A fat binary (or multiarchitecture binary) is a computer executable program or library which has been expanded (or "fattened") with code native to multiple instruction sets which can consequently be run on multiple processor types. This results in a file larger than a normal one-architecture binary file, thus the name. The usual method of implementation is to include a version of the machine code for each instruction set, preceded by a single entry point with code compatible with all operating systems, which executes a jump to the appropriate section. Alternative implementations store different executables in different , each with its own entry point that is directly used by the operating system. The use of fat binaries is not common in operating system software; there are several alternatives to solve the same problem, such as the use of an installer program to choose an architecture-specific binary at install time (such as with Android multiple APKs), selecting an architecture-specific binary at runtime (such as with Plan 9's union directories and GNUstep's fat bundles), distributing software in source code form and compiling it in-place, or the use of a virtual machine (such as with Java) and just-in-time compilation.
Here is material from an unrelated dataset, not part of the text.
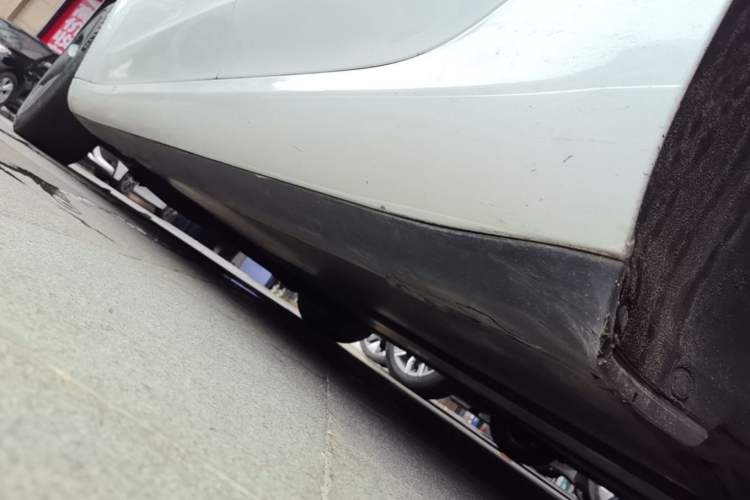 Used Tesla Model 3 2020 Standard Range Rear-Wheel Drive Upgraded Version Left Side Sill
In 1988, Apollo Computer's Domain/OS SR10.1 introduced a new file type, "cmpexe" (compound executable), that bundled binaries for Motorola 680x0 and Apollo PRISM executables. A fat-binary scheme smoothed the Apple Macintosh's transition, beginning in 1994, from 68k microprocessors to PowerPC microprocessors. Many applications for the old platform ran transparently on the new platform under an evolving emulation scheme, but emulated code generally runs slower than native code. Applications released as "fat binaries" took up more storage space, but they ran at full speed on either platform. This was achieved by packaging both a 68000-compiled version and a PowerPC-compiled version of the same program into their executable files.